*** Exercise data ***
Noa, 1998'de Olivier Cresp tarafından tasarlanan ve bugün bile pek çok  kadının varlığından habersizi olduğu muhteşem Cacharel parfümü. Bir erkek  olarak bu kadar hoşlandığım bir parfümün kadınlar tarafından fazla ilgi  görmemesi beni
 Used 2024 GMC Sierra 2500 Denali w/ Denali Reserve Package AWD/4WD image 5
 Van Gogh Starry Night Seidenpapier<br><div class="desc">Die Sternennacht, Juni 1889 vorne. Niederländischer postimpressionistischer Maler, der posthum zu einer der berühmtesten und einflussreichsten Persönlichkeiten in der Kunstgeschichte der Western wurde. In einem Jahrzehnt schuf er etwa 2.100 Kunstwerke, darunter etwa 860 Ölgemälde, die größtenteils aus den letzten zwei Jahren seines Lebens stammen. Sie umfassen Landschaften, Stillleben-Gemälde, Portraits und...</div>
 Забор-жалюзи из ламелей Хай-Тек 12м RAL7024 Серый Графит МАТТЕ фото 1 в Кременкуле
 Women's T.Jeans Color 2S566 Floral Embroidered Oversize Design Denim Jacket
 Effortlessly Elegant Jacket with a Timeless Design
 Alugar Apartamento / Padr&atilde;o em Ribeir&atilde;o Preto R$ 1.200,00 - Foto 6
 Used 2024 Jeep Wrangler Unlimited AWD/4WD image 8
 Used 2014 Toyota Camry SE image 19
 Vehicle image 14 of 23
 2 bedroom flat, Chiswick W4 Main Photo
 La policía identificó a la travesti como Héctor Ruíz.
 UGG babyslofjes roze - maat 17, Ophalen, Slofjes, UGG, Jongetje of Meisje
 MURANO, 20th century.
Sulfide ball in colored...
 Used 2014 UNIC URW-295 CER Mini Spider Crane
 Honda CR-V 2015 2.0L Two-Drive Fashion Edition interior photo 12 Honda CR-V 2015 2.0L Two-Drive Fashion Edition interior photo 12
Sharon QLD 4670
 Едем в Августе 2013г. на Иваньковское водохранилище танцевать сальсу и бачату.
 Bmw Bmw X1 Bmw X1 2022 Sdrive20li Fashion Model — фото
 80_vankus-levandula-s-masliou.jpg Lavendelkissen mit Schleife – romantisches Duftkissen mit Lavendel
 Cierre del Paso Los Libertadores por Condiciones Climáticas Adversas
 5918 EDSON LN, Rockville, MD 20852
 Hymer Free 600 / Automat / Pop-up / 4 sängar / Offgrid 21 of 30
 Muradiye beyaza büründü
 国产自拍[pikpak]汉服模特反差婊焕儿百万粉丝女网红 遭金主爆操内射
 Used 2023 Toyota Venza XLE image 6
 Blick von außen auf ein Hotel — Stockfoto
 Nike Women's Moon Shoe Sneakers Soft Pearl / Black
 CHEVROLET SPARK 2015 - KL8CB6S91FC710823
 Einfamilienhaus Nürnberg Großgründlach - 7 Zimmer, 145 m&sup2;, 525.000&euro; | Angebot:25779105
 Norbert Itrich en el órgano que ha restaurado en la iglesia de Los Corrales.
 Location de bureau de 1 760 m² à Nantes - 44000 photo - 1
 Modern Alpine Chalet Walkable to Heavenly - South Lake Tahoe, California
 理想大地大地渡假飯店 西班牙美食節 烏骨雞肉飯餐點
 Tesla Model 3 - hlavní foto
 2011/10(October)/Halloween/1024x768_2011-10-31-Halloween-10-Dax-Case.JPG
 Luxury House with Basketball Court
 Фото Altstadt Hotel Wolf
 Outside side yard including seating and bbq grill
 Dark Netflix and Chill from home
*** End of Exercise data ***
■ Task description: Start at the first line of the entries and stop at the line with "Used 2024 GMC". Retype each of those lines exactly, both ends included.

■ Completed exercise:
Noa, 1998'de Olivier Cresp tarafından tasarlanan ve bugün bile pek çok  kadının varlığından habersizi olduğu muhteşem Cacharel parfümü. Bir erkek  olarak bu kadar hoşlandığım bir parfümün kadınlar tarafından fazla ilgi  görmemesi beni
 Used 2024 GMC Sierra 2500 Denali w/ Denali Reserve Package AWD/4WD image 5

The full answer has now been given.